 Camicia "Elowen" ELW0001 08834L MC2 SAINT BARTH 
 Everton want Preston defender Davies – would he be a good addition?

....

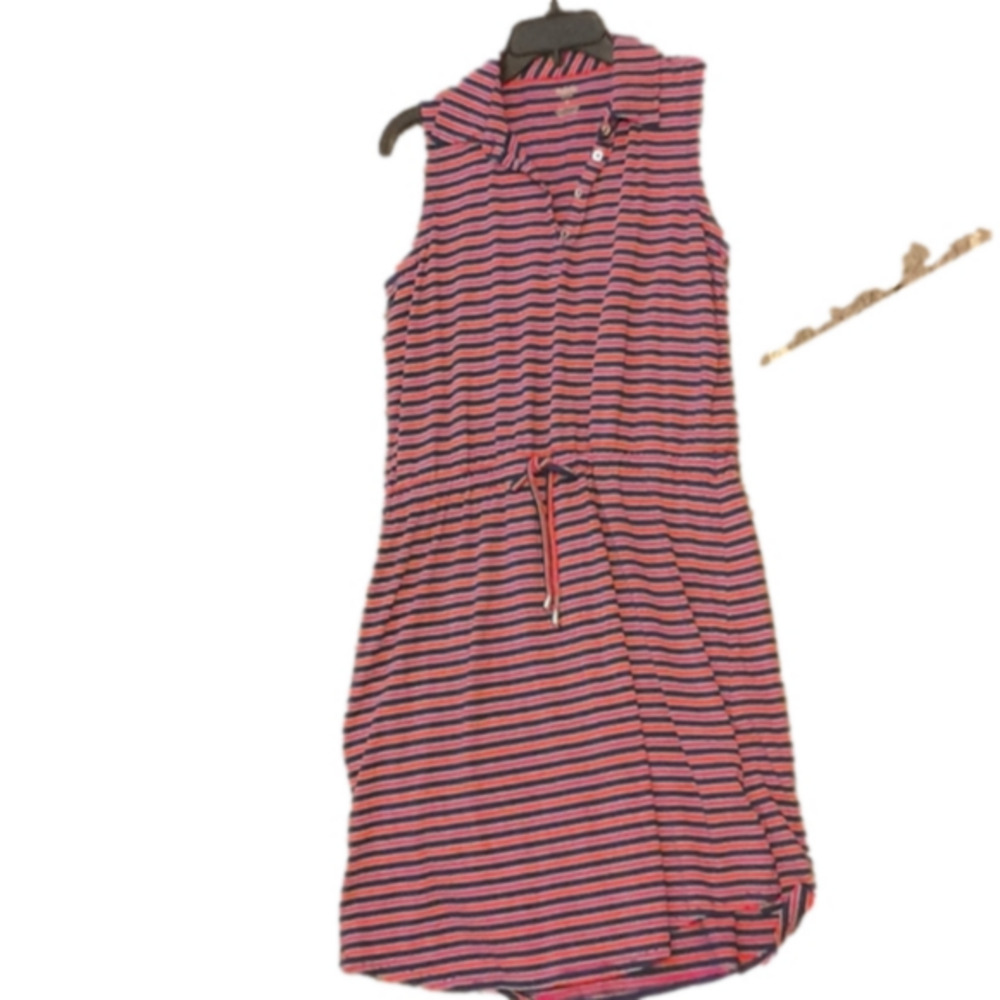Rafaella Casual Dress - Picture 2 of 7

....

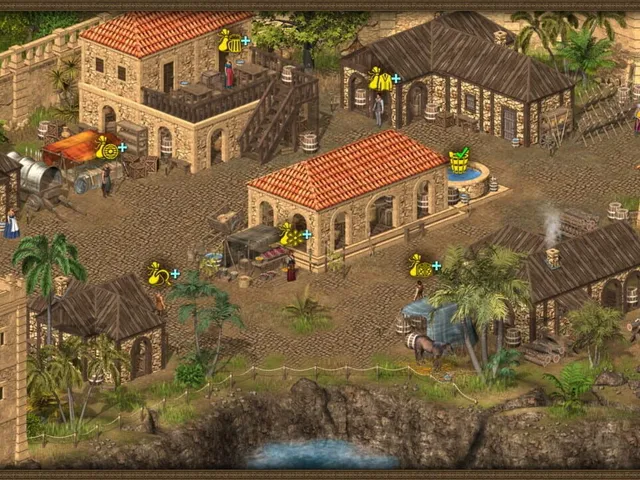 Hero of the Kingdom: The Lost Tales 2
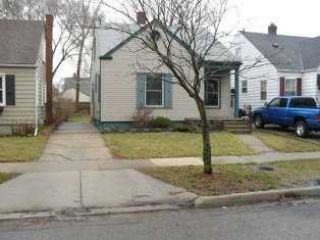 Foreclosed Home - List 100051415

....

→ EXERCISE: Everything from the line with "Hero of the Kingdom: The Lost Tales 2" through the line with "Foreclosed Home - List 100051415" in the material above should be transcribed exactly, except the pictures.

→ ANSWER SPACE:
 Hero of the Kingdom: The Lost Tales 2
 Foreclosed Home - List 100051415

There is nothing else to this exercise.